Open jondegenhardt opened 6 years ago
I have to do some more focusing on how output works. I have been mainly focusing on input, as it's a more interesting, and difficult problem. Output should be very straightforward -- write to a buffer, when it gets full, flush it and reset it.
On top of that, std.format I think has some benefits to gain to having direct buffer access as well. So I may even need a clone of that that uses iopipes more efficiently :)
Ah, yes, makes sense that std.format
might benefit as well. There are a couple in-progress PRs that look related: phobos 5991, phobos 6060.
I wrote a simple version of a buffered stream for my tools: BufferedOutputRange. From a performance perspective it's quite effective.
@jondegenhardt Please let me know of any areas in Phobos where you think OutputRange
support is lacking/could be improved
Also, @jondegenhardt, I'd be curious to see your performance numbers for BufferedOutputRange
. If it makes a significant difference, I'd want to consider getting it into Phobos.
@JackStouffer Sure, I've got a few thoughts on output ranges at this point. Nothing that will be surprising or new, but I can provide my thoughts. Is Slack a good venue? @schveiguy might not want the discussion here.
As to performance - I've got some numbers from my own tools. Not as methodical as what I normally publish, but good enough to be clear about value. For tsv-select
(essentially unix cut
with field reordering), on narrow files, run time is cut in half. I ran against a set of 10 google ngram files, 200M lines, about 10-15 bytes per line. tsv-select -f 2,4
goes from 52 seconds to 25 seconds.

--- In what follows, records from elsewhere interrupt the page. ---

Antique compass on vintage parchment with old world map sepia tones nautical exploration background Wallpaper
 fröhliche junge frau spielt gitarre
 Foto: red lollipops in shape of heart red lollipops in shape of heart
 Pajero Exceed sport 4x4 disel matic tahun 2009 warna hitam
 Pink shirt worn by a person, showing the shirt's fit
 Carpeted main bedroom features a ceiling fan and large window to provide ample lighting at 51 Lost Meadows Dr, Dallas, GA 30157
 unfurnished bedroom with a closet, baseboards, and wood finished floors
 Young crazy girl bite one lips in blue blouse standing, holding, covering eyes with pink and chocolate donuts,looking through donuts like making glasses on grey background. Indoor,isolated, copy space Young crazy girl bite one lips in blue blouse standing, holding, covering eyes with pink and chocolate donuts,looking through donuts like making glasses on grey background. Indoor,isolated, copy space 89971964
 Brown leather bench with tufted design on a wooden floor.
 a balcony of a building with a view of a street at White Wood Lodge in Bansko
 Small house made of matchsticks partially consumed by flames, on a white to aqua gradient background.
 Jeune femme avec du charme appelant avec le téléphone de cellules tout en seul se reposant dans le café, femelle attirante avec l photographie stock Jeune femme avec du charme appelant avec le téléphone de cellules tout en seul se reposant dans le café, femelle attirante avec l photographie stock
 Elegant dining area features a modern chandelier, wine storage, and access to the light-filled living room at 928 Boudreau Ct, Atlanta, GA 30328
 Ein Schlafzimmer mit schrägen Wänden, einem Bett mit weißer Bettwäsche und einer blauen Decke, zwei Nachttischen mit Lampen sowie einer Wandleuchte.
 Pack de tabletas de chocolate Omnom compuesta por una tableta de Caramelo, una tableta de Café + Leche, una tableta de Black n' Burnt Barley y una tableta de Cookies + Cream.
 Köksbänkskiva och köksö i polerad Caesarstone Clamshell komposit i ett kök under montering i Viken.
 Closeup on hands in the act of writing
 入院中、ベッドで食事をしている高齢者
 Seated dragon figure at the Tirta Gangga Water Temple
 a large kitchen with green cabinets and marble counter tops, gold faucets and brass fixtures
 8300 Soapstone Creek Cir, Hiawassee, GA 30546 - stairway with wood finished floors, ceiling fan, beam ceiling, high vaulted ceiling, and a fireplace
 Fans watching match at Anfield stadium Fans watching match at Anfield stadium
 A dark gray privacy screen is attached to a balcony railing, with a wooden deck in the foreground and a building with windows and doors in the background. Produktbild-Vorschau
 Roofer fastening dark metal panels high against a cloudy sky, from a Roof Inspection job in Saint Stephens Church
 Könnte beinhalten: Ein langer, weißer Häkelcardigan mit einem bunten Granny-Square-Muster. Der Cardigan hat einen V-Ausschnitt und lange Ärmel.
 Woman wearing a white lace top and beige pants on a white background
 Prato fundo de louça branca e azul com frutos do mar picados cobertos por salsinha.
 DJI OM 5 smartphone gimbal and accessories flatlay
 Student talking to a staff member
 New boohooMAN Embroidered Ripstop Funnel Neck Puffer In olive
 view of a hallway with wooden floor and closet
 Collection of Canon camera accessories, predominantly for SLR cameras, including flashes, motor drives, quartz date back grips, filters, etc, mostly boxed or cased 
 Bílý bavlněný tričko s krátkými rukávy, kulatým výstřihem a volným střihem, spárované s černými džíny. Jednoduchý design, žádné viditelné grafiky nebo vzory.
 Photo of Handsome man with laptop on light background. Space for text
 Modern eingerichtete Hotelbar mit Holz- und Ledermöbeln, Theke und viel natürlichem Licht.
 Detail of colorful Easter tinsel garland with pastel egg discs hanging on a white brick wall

On the wider (longer line) files in my standard benchmark suite against it's more like 5-10% gain. Note though that this is not a measurement of output time by itself, but against the full app. So, on wider files what dominates is input, so output gains as a percentage are smaller.
Another example is csv2tsv
, which has its run time cut by 1/3 on my standard benchmarks. I've tried buffering on a number of my tools at this point and am seeing similar patterns. The percentage gains depend on the nature of what's being output and what else the tool is doing, but these are not isolated cases.
Rather than use my tools, a standalone benchmark could be created, this would provide a better characterization. But, I've seen enough to conclude there is an opportunity, whether done via a buffered output range or making improvements inside the I/O layers themselves.
Update: Regarding the performance numbers: These were done on MacOS using ldc 1.5.0, -O -release -boundscheck=off
, and using ThinLTO applied to druntime, phobos, and the app code, also using PGO instrumented code.
I would note that this is really a consequence of the fact Phobos' File
type uses C FILE *
underneath. If you look at LockingTextWriter.put
, it basically calls fputc
for each byte you give it. This is an opaque call, not inlineable, can cause cache problems, and causes numerous checks/etc on every byte. Whereas if you are just writing a byte to a buffer, the cost is vastly less. The flush
is still doing an opaque call (ironically, just copying from your local buffer to the FILE * buffer), but for an entire buffer instead of a single byte.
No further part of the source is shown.